【備忘】各資産クラスのご紹介

各資産クラスの説明

① 現金

現金は、資産クラスの中でも最もリスクが低く安全なものです。銀行預金や財務省の国債などが含まれます。現金は市場変動の影響を受けにくく、即座に利用できるため、緊急時の流動性ニーズを満たすために保持されます。

② 外貨

外貨は、異なる通貨で保有される資産クラスです。主な外貨には米ドル、ユーロ、英ポンドなどがあります。外貨の保有は通貨リスクにさらされる可能性がありますが、通貨の価値変動によってリターンを得ることもできます。外貨は国際的な取引やヘッジの手段として活用されることもあります。

③ 現物:金

現物の金は、金の物理的な形態で所有もしくは証券会社等で購入できる金があります。
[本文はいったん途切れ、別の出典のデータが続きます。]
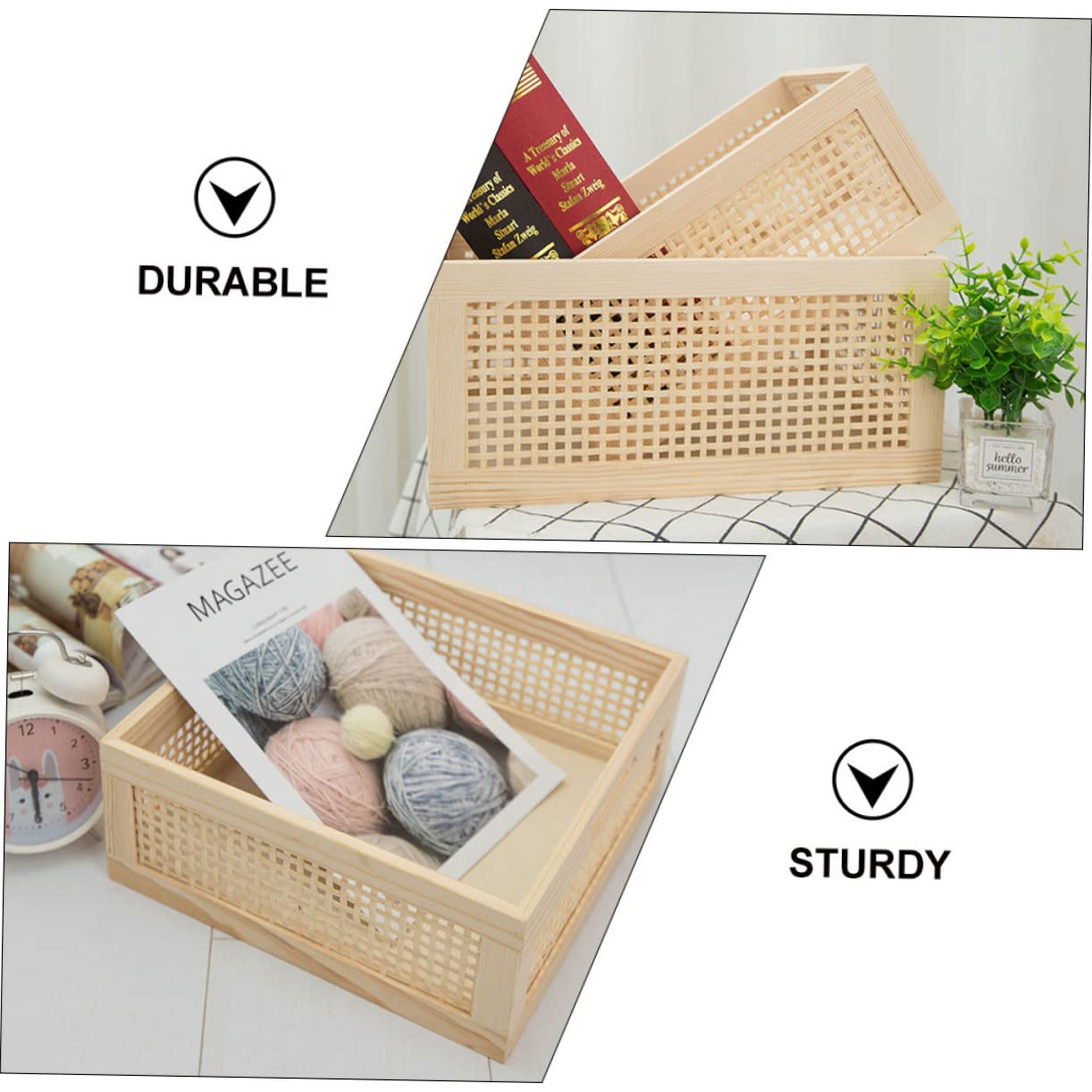 Cesta Tejida Para Almacenamiento Pequeña Rectangular, Fibra Natural De Bambú, Multiusos Ecológica, Organizador Para Hogar y Oficina, Caja De Almacenamiento Funcional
金は古代から通貨として利用され、世界中で広く受け入れられてきました。現在ではインフレや経済の不確実性に対するヘッジとしての需要があります。金価格は市場の需要と供給に基づいて変動し、投資家にリターンをもたらす可能性があります。

④ 日本株式

日本株式は、日本の企業の株式を保有する資産クラスです。株式投資は企業の成長や配当を通じてリターンを得る機会を提供します。日本株式市場は日本経済の成長とともに変動する傾向があります。投資家は企業の業績やマーケットの動向を注意深く分析し、株式投資のリスクとリターンをよく検討する必要があります。

⑤ 外国株

外国株式は、国外の企業の株式を保有する資産クラスです。投資家は世界中の企業に分散投資することで、異なる国の経済成長や産業の好機を追求することができます。外国株式投資は為替リスクにさらされる可能性がありますが、グローバルな市場の変動によって多様なリターンを期待することができます。

⑥ 投資信託

投資信託は、複数の投資家の資金を集めて、専門のファンドマネージャーによって運用される資産クラスです。投資信託は様々な資産クラスに投資することができ、個別の投資家が直接資産を選ぶ必要はありません。投資信託はポートフォリオの分散化を容易にし、投資家に運用のプロフェッショナルな管理を提供します。

⑦ ETF

ETF(上場投資信託)は、株式市場で売買可能な投資信託です。ETFは特定の指数や資産クラスに連動するように設計されており、投資家は1つの取引で複数の資産を保有することができます。ETFは投資の透明性と流動性を提供し、個別の株式や債券に比べて手数料も低くなる傾向があります。

⑧ 補足:インデックス投資と個別株投資の違い

インデックス投資は、特定の市場指数に連動する投資方法です。投資家は指数を再現するために、対象となる銘柄をバランス良く保有します。一方、個別株投資は、個々の企業の株式を選んで保有する方法です。インデックス投資は市場全体のパフォーマンスに連動することができますが、個別株投資は企業の業績や運営により直接影響を受けます。

⑨ 国債

国債は、政府が発行する債券であり、投資家は政府に貸付ける形で債券を保有します。国債は安定した利息収入を提供し、比較的低いリスクを持つ資産クラスとして知られています。国債の利息は定期的に支払われ、元本は満期時に返済されます。政府の信用力によってリスクが評価され、信用度の高い国の国債は低い利回りで取引されます。一般的に、政府が信頼性の高い債務者であるとされるため、国債は安定性のある運用を求める投資家にとって魅力的な選択肢となります。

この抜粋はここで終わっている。